WHAT IS REQUIRED » A word-for-word retyping of the listing below is required, with the pictures dropped.
----- INFORMATION PROVIDED
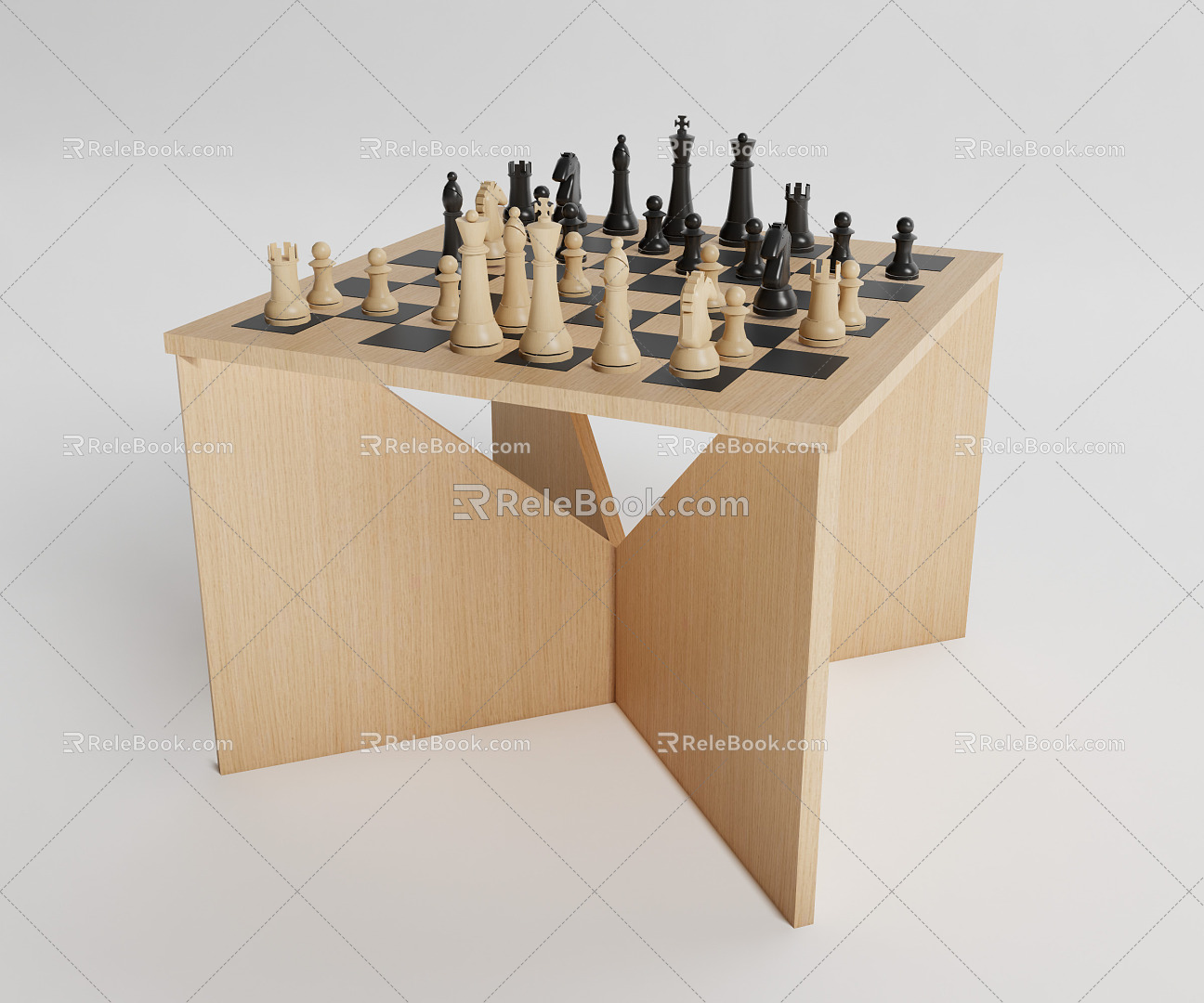 Modern Chess Side Table 3d model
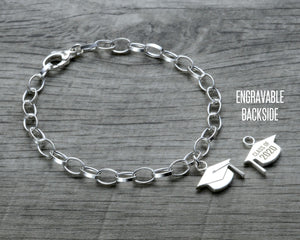 personalized graduation charm bracelet in sterling silver with lobster clasp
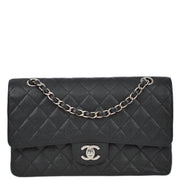 Chanel 2000-2001 Black Caviar Medium Classic Double Flap Shoulder Bag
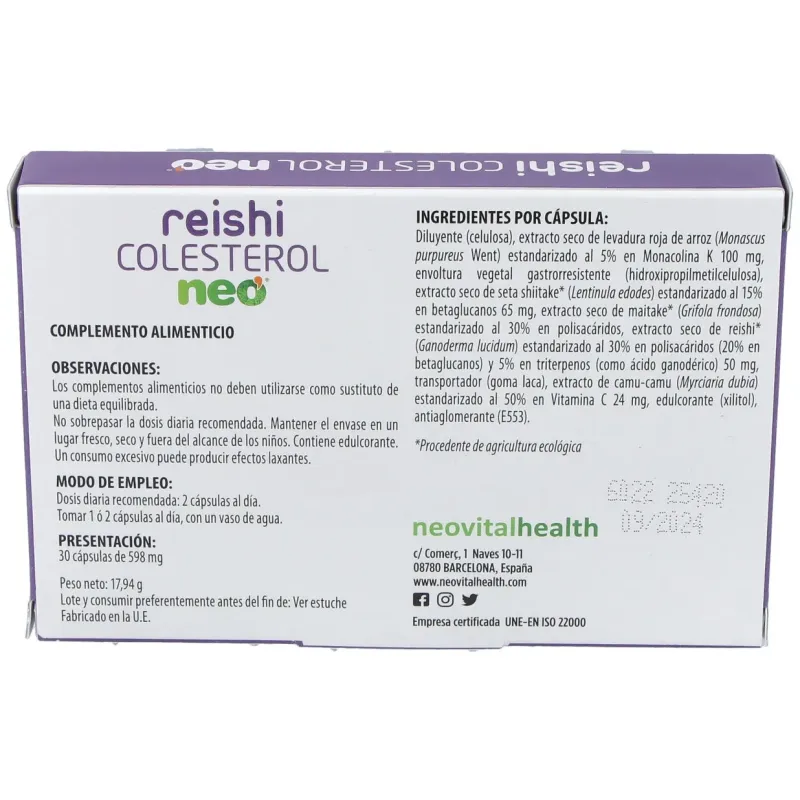 Reishi colesterol neo 30cap. | Farmacia Barata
----------
ANSWER BELOW »
 Modern Chess Side Table 3d model
 personalized graduation charm bracelet in sterling silver with lobster clasp
 Chanel 2000-2001 Black Caviar Medium Classic Double Flap Shoulder Bag
 Reishi colesterol neo 30cap. | Farmacia Barata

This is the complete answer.